Federação Internacional de Judô impõe multa milionária e Sílvio Acácio resolve honrar contrato

Sílvio Borges afirmou que cancelara o Grand Slam de Brasília por falta de recursos para cumprir o cronograma da competição

Acostumado a cancelar eventos e descumprir o calendário, o presidente da CBJ esqueceu que desta vez agia contra grandes corporações. Tomou invertida, reverteu sua decisão e o Brasil vai realizar o Grand Slam de Brasília

Gestão Esportiva
23 de agosto de 2019
Por PAULO PINTO I Fotos BUDOPRESS e IJF
Curitiba – PR

Após decisão unilateral e arbitrária, presidente da CBJ reviu decisão impensada que prejudicaria significativamente o judô brasileiro e confirmou a realização do Grand Slam de Brasília de 6 a 8 de outubro.

Repetindo o script e o mesmo cenário que vemos no judô na atualidade, há duas semanas a gestão de eventos da Confederação Brasileira de Judô (CBJ) cancelara arbitrariamente a realização do torneio, desconsiderando o compromisso assumido com a Federação Internacional de Judô (FIJ).

A nota então divulgada pela CBJ pegou de surpresa representantes do governo do Distrito Federal, da Secretaria Especial do Esporte e os patrocinadores da entidade que trabalhavam na realização evento e aguardavam ansiosamente esta grande competição.

O secretário Leandro Cruz afirmou que a verba necessária para a competição seria disponibilizada

Justificativa distante da realidade

Espelhando a situação degradante em que o judô brasileiro se encontra, a justificativa apresentada pelo presidente da confederação brasileira difere totalmente daquilo que dizem as outras partes envolvidas.
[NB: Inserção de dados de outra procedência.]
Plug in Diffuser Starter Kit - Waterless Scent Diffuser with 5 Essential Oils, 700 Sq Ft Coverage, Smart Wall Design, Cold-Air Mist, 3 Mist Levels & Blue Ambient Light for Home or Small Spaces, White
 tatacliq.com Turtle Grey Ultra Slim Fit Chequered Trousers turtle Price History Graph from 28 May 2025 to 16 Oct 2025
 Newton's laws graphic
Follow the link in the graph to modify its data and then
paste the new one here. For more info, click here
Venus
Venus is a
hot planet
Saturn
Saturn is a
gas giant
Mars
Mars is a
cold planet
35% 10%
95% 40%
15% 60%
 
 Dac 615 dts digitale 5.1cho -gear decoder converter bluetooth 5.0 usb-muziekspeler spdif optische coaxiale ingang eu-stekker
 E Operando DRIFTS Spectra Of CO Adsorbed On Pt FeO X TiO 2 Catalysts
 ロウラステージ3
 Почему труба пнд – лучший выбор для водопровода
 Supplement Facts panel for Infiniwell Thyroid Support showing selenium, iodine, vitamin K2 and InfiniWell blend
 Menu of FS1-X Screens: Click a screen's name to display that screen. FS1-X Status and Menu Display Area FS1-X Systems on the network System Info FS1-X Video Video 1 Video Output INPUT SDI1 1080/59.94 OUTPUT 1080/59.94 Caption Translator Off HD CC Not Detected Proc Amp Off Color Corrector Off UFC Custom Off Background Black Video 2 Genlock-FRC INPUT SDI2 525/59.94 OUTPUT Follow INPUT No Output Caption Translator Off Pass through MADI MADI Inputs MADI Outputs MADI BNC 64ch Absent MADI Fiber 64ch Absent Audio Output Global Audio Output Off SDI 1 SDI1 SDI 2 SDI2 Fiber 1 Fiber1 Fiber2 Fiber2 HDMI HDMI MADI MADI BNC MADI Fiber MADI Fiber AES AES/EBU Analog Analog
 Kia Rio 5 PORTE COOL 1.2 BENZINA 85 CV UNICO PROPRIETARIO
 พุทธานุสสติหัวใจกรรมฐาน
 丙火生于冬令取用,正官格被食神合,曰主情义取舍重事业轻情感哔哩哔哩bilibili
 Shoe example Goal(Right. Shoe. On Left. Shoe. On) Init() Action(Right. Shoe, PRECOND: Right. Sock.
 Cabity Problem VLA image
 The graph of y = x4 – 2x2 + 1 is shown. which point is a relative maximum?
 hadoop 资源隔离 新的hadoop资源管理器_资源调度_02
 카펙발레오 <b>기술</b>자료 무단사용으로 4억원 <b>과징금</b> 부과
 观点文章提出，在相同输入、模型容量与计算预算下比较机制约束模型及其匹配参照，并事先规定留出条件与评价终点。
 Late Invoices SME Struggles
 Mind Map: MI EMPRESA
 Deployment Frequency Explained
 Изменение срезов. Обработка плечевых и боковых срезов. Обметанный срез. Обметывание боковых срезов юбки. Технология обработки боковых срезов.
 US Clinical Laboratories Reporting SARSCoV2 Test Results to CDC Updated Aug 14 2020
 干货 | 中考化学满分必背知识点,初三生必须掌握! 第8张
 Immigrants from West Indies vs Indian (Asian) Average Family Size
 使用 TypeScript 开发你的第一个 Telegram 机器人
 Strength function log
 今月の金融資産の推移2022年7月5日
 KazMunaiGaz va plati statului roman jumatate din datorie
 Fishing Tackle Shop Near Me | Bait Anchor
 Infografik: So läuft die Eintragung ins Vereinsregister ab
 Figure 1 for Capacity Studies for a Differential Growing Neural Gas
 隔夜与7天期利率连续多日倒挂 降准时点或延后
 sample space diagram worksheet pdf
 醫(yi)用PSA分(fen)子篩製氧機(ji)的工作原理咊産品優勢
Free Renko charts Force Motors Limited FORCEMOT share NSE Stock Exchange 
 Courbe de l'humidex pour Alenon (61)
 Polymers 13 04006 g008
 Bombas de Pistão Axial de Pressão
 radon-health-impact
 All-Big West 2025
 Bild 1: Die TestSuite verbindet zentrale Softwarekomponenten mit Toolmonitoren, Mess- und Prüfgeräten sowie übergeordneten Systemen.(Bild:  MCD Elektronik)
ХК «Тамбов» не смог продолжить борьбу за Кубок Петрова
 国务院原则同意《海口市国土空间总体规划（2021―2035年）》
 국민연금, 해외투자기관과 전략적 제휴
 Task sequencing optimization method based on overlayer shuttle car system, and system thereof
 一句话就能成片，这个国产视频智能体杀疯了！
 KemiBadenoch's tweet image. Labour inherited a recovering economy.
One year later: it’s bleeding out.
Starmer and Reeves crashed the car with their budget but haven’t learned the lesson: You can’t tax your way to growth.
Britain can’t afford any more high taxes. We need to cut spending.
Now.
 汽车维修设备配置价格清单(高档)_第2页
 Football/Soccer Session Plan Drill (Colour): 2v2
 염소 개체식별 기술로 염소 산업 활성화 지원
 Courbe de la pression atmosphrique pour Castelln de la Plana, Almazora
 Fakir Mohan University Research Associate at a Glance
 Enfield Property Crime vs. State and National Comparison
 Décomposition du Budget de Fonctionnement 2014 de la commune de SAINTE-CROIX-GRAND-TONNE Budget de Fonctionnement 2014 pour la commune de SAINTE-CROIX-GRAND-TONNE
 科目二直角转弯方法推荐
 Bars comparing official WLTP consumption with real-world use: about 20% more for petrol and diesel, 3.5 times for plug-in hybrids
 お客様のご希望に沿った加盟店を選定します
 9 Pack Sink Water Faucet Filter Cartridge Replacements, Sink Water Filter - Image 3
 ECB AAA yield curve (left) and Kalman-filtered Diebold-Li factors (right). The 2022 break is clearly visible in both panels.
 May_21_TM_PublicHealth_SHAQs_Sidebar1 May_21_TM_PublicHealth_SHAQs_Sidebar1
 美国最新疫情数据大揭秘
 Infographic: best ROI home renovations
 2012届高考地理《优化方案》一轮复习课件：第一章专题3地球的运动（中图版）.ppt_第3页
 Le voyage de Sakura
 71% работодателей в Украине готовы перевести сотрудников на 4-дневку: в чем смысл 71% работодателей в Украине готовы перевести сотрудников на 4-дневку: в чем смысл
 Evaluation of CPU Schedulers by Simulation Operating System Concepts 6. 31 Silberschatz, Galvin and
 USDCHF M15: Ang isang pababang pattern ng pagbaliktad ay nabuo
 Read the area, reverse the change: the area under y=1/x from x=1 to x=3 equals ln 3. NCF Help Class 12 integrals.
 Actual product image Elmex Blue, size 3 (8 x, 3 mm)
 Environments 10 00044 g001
O pior é que a conta não fecha.

No comunicado divulgado em 17 de julho, Sílvio Acácio Borges afirmou que cancelara o Grand Slam de Brasília por falta de recursos para cumprir o cronograma de execução da competição. “Foram esgotados todos os esforços relativos à captação dos recursos necessários em tempo hábil para a realização do evento”, afirmou o dirigente.

Todavia, os parceiros da CBJ desmentiram a justificativa apresentada pelo presidente da confederação. A decisão unilateral acabou sendo uma grande surpresa, tanto para a Secretaria de Estado do Esporte e Lazer quanto para o Bradesco, o principal patrocinador da entidade e com a qual tem contrato até 2020. Segundo informações, a instituição bancária já havia separado recursos extras para conseguir realizar o evento.

O secretário Leandro Cruz lamentou a situação e informou que a verba necessária para a competição seria disponibilizada: “Posso dizer tranquilamente que não temos dificuldades em atender o que foi pedido pela CBJ. Reservamos R$ 3 milhões para que tudo pudesse ocorrer da melhor forma possível, inclusive para a população. Essa era a nossa obrigação e iríamos cumpri-la, o recurso estava reservado. É lamentável o que aconteceu”, completou.

Em nota, o Banco Bradesco, principal patrocinador da CBJ, informou que já havia separado recursos extras para realizar o grand slam

FIJ pressiona e CBJ volta atrás

Este não seria o primeiro cancelamento de evento da Federação Internacional de Judô, e quando isto acontece a entidade mundial imediatamente retira a competição de seu calendário. Mas não foi o que ocorreu desta vez.

Para surpresa de muitos, inclusive dirigentes de vários países que estavam cientes do que acontecia no Brasil, a FIJ manteve o Grand Slam de Brasília em seu calendário e atuou nos bastidores para que ele se realizasse. E graças à habilidade dos gestores da entidade mundial o evento será realizado nas datas e local previamente marcados.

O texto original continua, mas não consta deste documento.